With the rescue group kept in the dark, Mills’ ulterior motives were to use Dearing’s tracking system to determine the location of Blue the velociraptor in order to auction the dinosaurs to bidders in Northern California. After they were able to track Blue, the rescue group is left behind and the volcano coincidentally explodes. From that point, everything goes downhill.

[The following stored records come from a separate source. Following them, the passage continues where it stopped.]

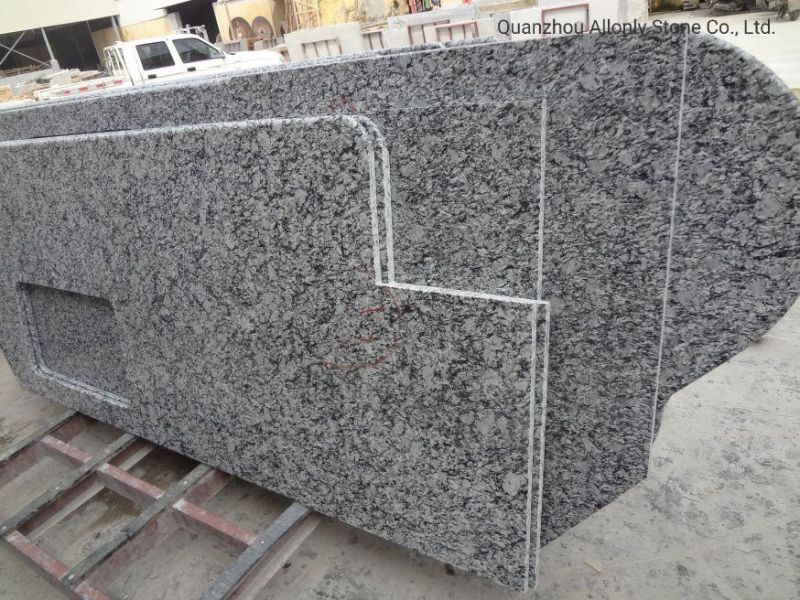 Natural Spray White Grey Granite Kitchen Countertop Stone Benchtop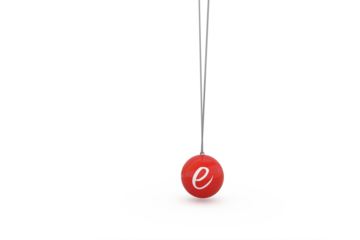 Digital composite image of red newtons cradle with alphabet e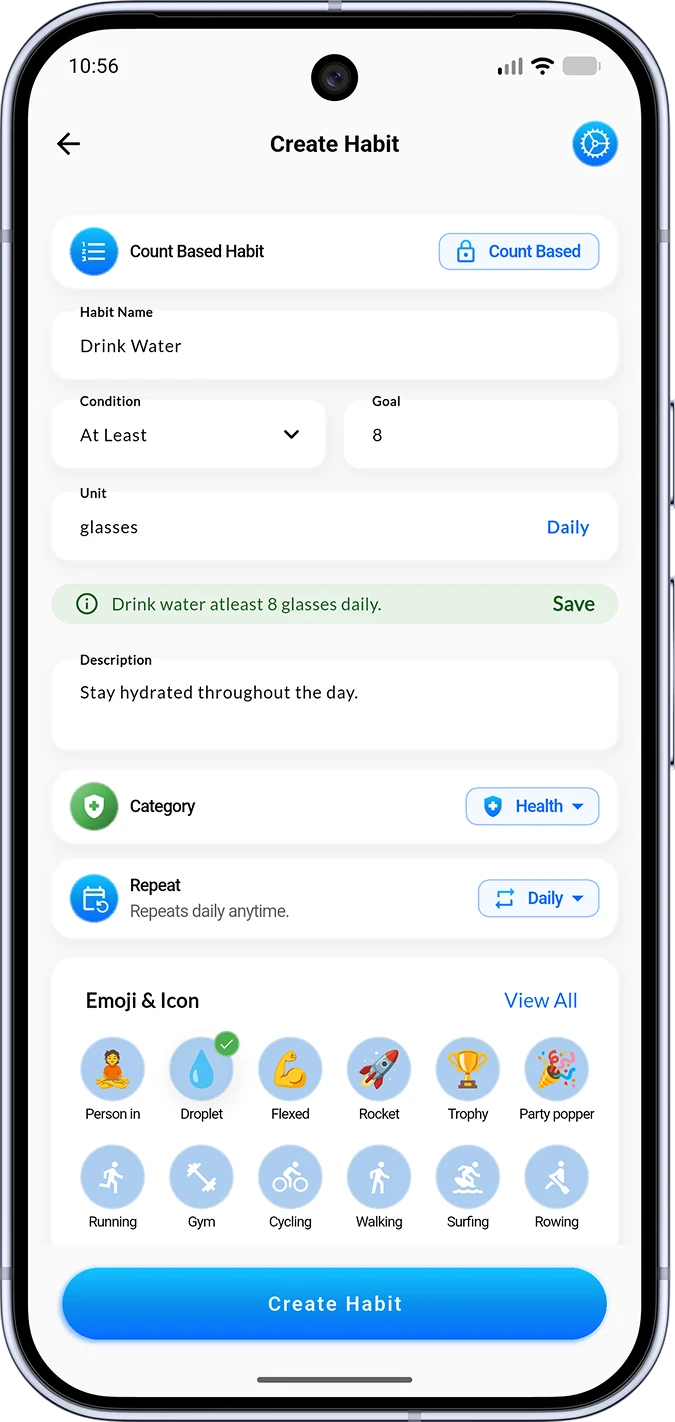 Create Habit screen with a count goal of 8 glasses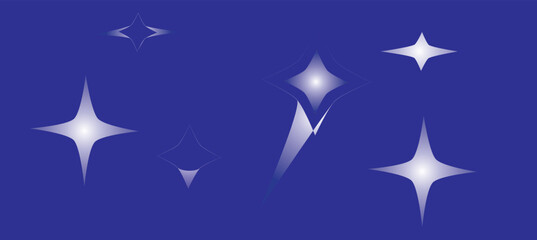 a set of glowing stars on a blue background, background pattern, template for postcards, fabrics, wallpapers, covers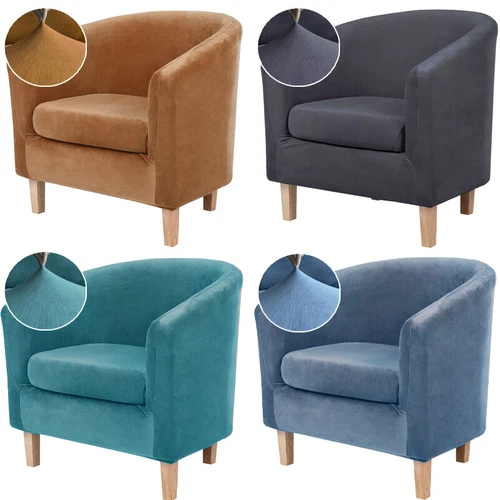Stretch Velvet Tub Chair Covers Armchair Slipcovers Single Sofa Split Seat Cover - Picture 3 of 33
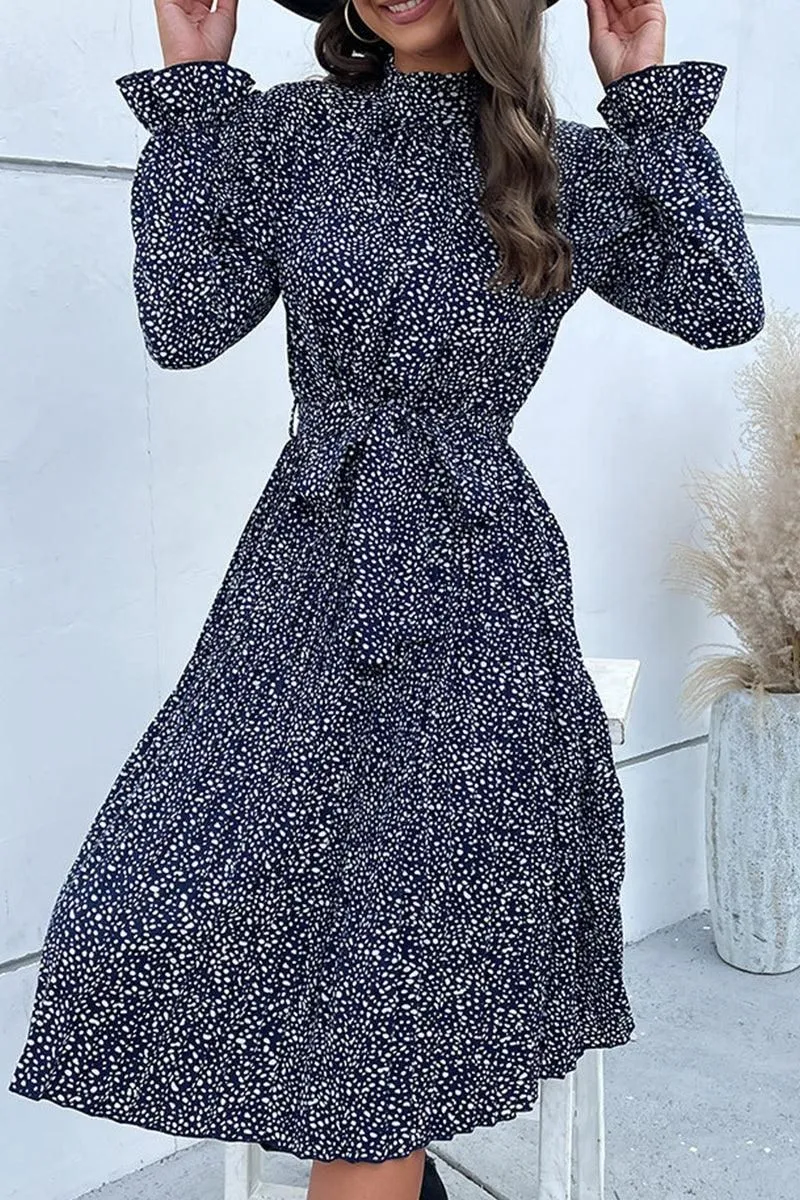 HIGH NECK PLEATED CASUAL DRESS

Jurassic World: Fallen Kingdom boasts dramatic visual effects and non-stop action, successfully captivating its audience at every plot twist. From lava and falling rocks to dinosaur attacks, each scene delivers the perfect combination of adrenaline and suspense. Director J.A. Bayona puts the audience’s nerves on edge with heart-wrenching interactions between Grady and Blue. Additionally, Dearing’s improved look from a business suit and high heels to outdoor wear and boots symbolizes an empowering sign of female fierceness and willpower. Another essential character is Maise Lockwood (Isabella Sermon): she displays a heartfelt relationship with her grandfather, Benjamin LockWood, who helped develop the park, and her curiosity and energy add another dimension to the movie.

Although Fallen Kingdom demonstrates excellent cinematography, the timing of the scenes was awkwardly illogical and fast-paced. The script lacks a consistent plotline and focuses mainly on purposeless chaos showcasing the stampede of panicked dinosaurs. Furthermore, despite all the obstacles and danger that Brady and Dearing faced on the island, the two main characters did not reveal any romantic attraction for each other. The audience can easily distinguish the unnatural chemistry between the two, where they do not work together effectively. It is safe to say that their performance of love was utterly disappointing.

Despite the predictable plot of the movie, the cinematography and intricate yet gory details make the two hours tolerable. Jurassic World: Fallen Kingdom is a movie made for the adrenaline and action seekers. While the spin-off doesn’t do the original series justice, the graphics compensate for the plotline, making the audience truly feel like they’re experiencing these amazing dinosaurs firsthand.